▶ **TASK DIRECTIONS**
An exact copy of every entry below is required, and no picture may appear in it.

[Records from a data source]
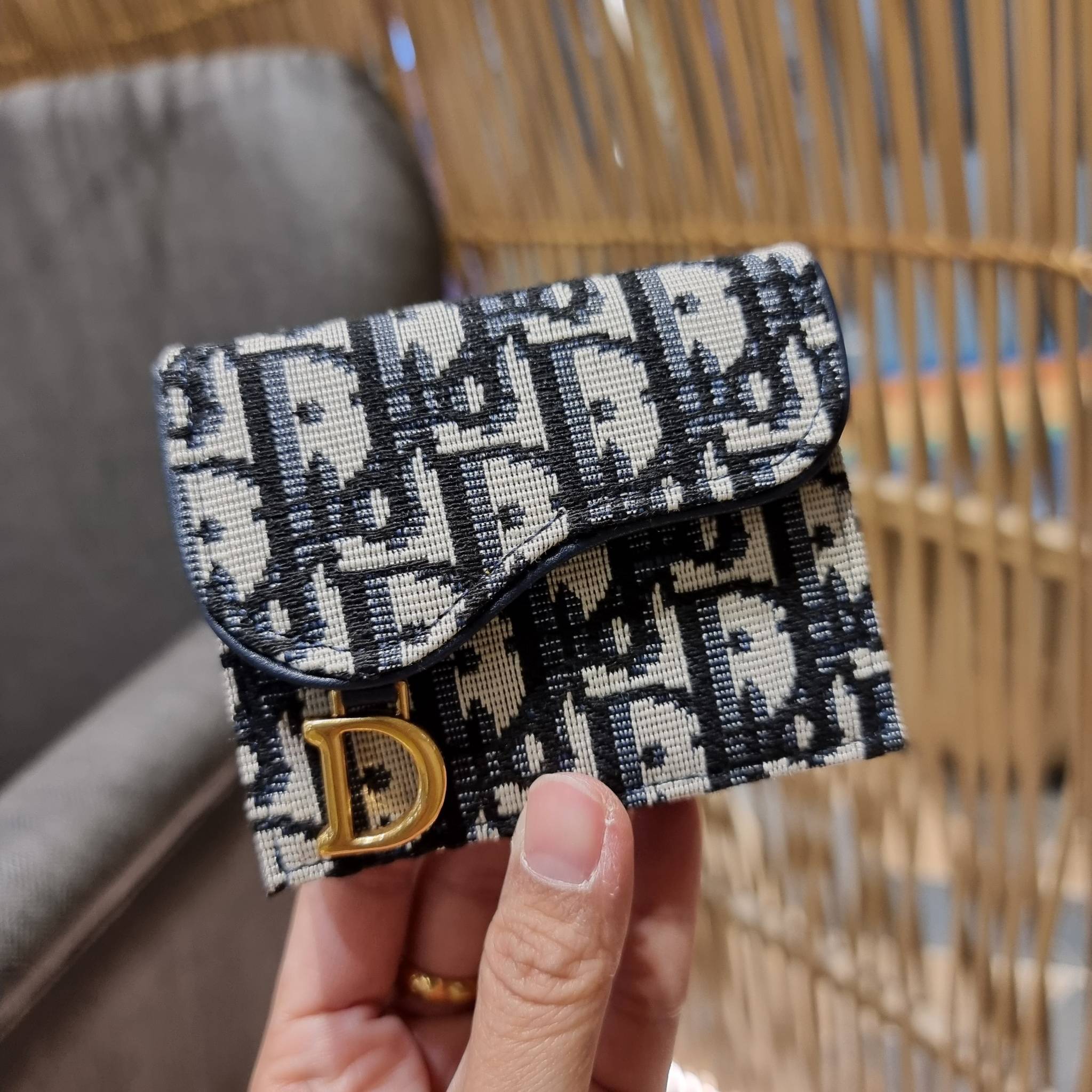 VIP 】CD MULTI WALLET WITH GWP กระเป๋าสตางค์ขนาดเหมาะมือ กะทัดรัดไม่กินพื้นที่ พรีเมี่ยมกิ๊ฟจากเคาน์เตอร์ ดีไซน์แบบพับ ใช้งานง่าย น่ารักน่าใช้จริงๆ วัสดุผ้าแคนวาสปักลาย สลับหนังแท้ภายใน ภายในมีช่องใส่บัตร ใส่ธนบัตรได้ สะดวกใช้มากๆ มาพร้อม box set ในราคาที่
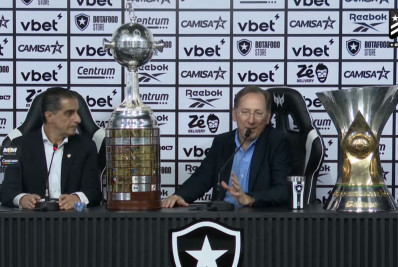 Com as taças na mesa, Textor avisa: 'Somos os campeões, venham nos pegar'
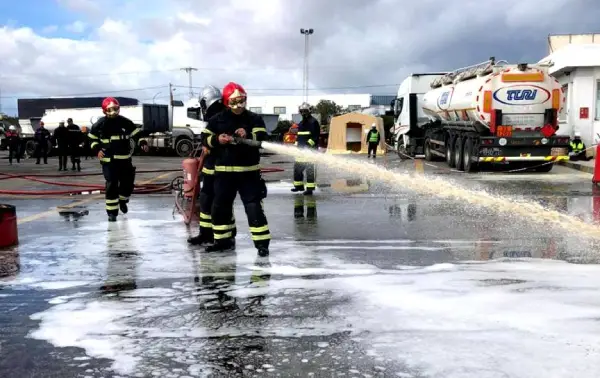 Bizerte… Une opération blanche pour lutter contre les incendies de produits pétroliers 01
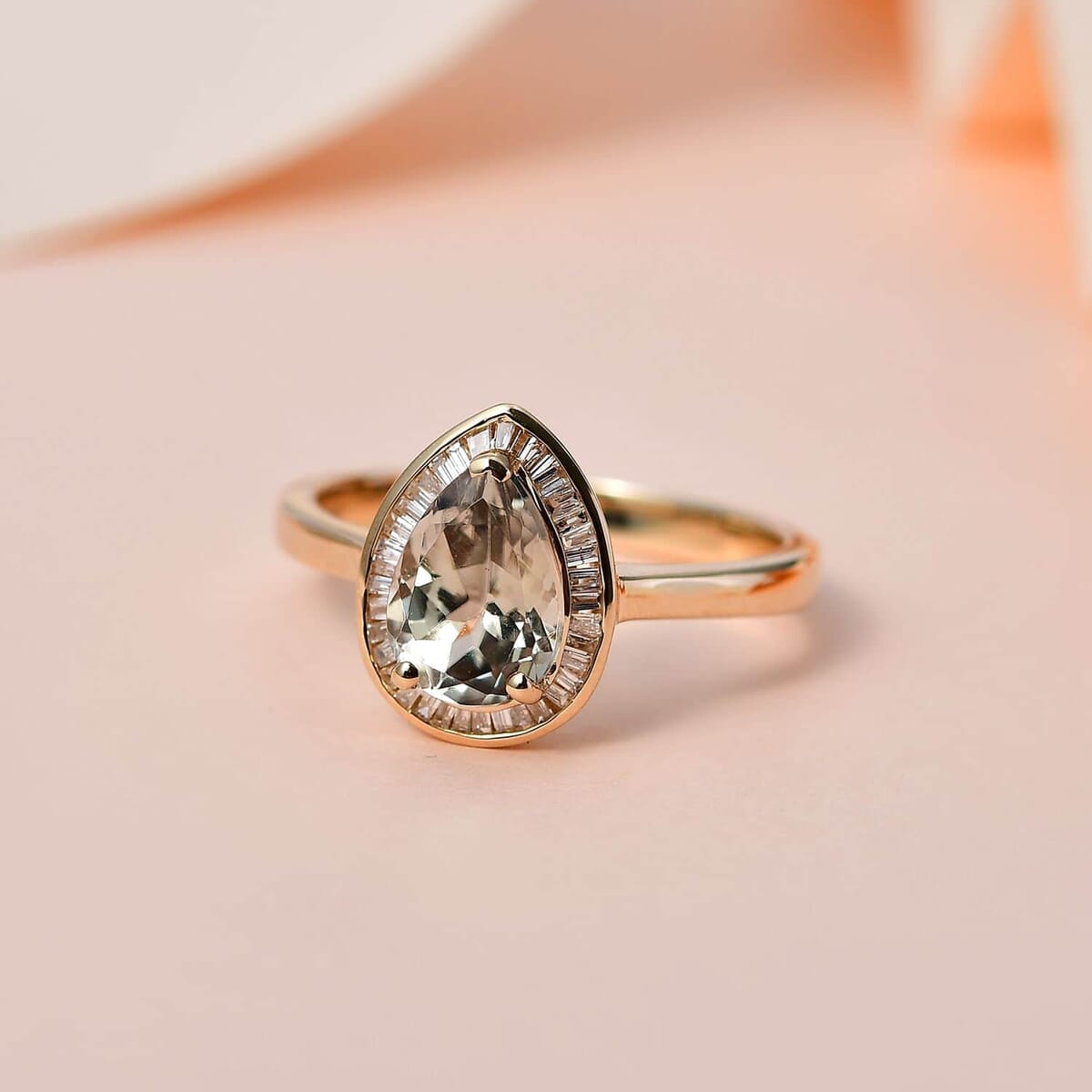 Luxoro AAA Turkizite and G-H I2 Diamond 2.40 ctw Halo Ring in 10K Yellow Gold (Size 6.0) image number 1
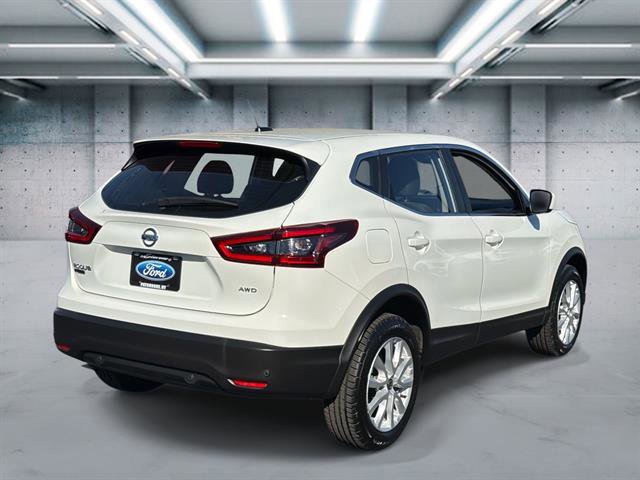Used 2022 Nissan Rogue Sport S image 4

▶ **OUTPUT FOR THIS EXERCISE**
 VIP 】CD MULTI WALLET WITH GWP กระเป๋าสตางค์ขนาดเหมาะมือ กะทัดรัดไม่กินพื้นที่ พรีเมี่ยมกิ๊ฟจากเคาน์เตอร์ ดีไซน์แบบพับ ใช้งานง่าย น่ารักน่าใช้จริงๆ วัสดุผ้าแคนวาสปักลาย สลับหนังแท้ภายใน ภายในมีช่องใส่บัตร ใส่ธนบัตรได้ สะดวกใช้มากๆ มาพร้อม box set ในราคาที่
 Com as taças na mesa, Textor avisa: 'Somos os campeões, venham nos pegar'
 Bizerte… Une opération blanche pour lutter contre les incendies de produits pétroliers 01
 Luxoro AAA Turkizite and G-H I2 Diamond 2.40 ctw Halo Ring in 10K Yellow Gold (Size 6.0) image number 1
Used 2022 Nissan Rogue Sport S image 4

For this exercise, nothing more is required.